First, based on VigiBase, ICI-related endocrinopathies had been increasing since 2017, with a male to female ratio of 1.5:1 and resulting in low incidence of fatal consequences.
The reports of ICI-related endocrinopathies had been increasing significantly over the past 3 years, with the largest contribution from anti-PD-1 monotherapy, followed by combination therapies (ipilimumab plus anti-PD-1/PD-L1). This may be due to a variety of reasons, including the rapid expansion of therapeutic indications for anti-PD-1 in different tumors over the past 5 years, high expectations for this emerging immunotherapy when encountering bottlenecks in anti-cancer process, and a higher rate of overall response in patients contributed by combination therapy [14–16]. In addition, we observed that among all analyzed ICI-related endocrinopathies, male accounted for a larger proportion than female. This seems to be inconsistent with the incidence of autoimmune disease in women. But it reported that melanoma and non-small cell lung cancer, top two common causes patients received ICI therapies, had a higher incidence in male than female [17, 18]. Whether the total cardinality of male cancer patients is the main factor of gender differences for ICI-related endocrinopathies remains to be further studied.

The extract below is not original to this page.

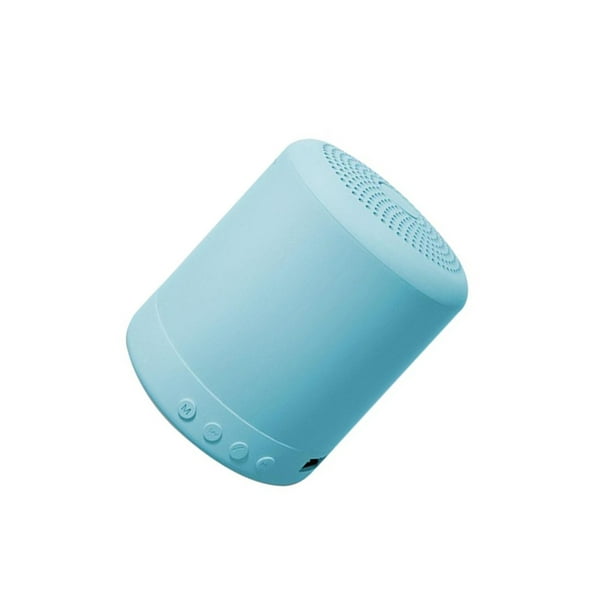 Injueey Mini altavoz inalámbrico portátil recargable compatible con  Bluetooth tarjeta de memoria altavoz HiFi caja de sonido para el hogar  Cables de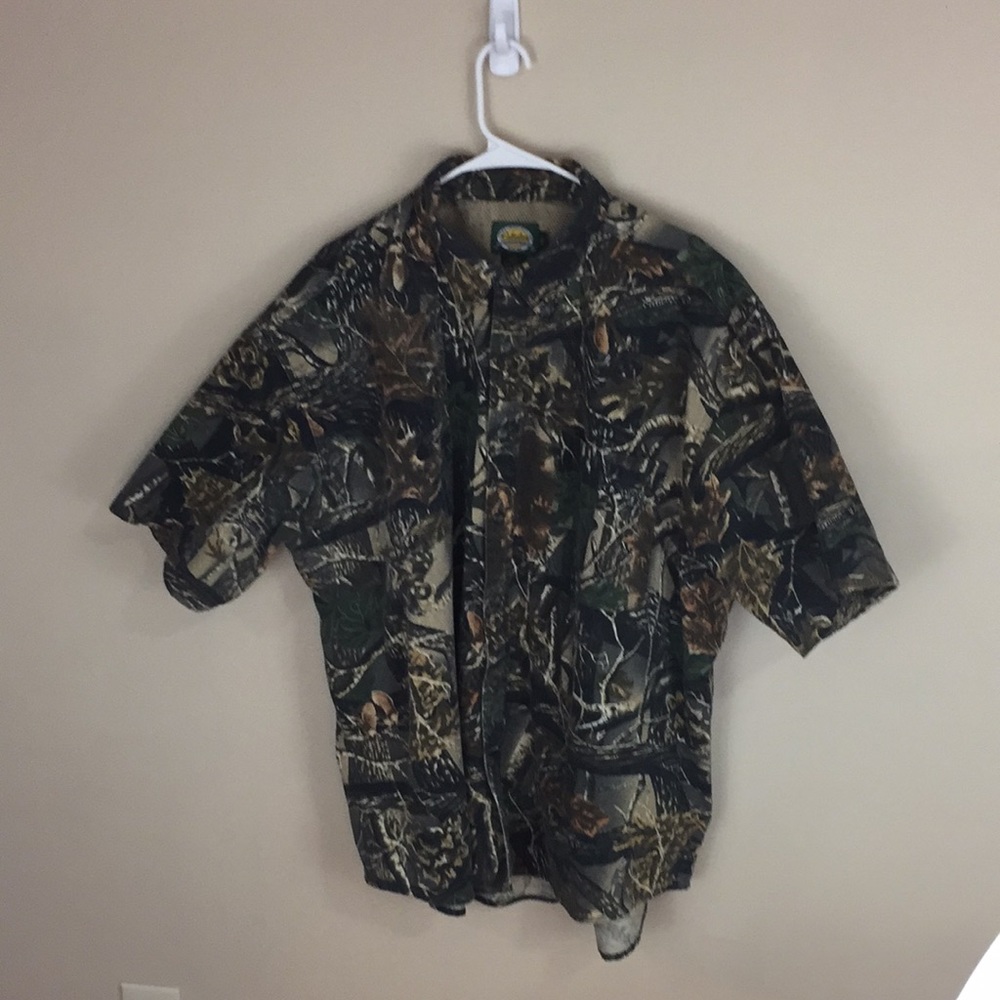 Cabelas Seclusion 3D Hunters Shooter Camo Shirt 2XL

The severity of immune-related endocrine events is usually grades 1–2, and the incidence of adverse events in grades 3–4 does not exceed 2% [7]. Our study observed that only 64 cases (1.8%) of all ICI-related endocrinopathies resulted in fatal consequences, which were mainly related to hypophysitis, acute adrenocortical insufficiency hypothyroidism, diabetic ketoacidosis, fulminant type 1 diabetes mellitus, thyrotoxic crisis. We also found that nearly 70% of patients were recovered or attained remission from ICI-related endocrinopathies after standard treatment or a withdrawal of ICI. Some reports indicated that patients with irAEs have a higher rate of tumor response and a longer progression-free survival than those without irAEs [19, 20]. Consequently, given the safety and efficacy of ICI drugs, there is usually no need to reduce or discontinue drugs in cases of mild and moderate endocrine ADRs under vigilant clinical monitoring [5, 21].
Second, ICI-related endocrinopathies invaded almost all glands of the endocrine system, including pituitary (anterior and posterior lobes), adrenal, thyroid, parathyroid, gonad, pancreas. Some of these endocrine ADRs were common and some were rare.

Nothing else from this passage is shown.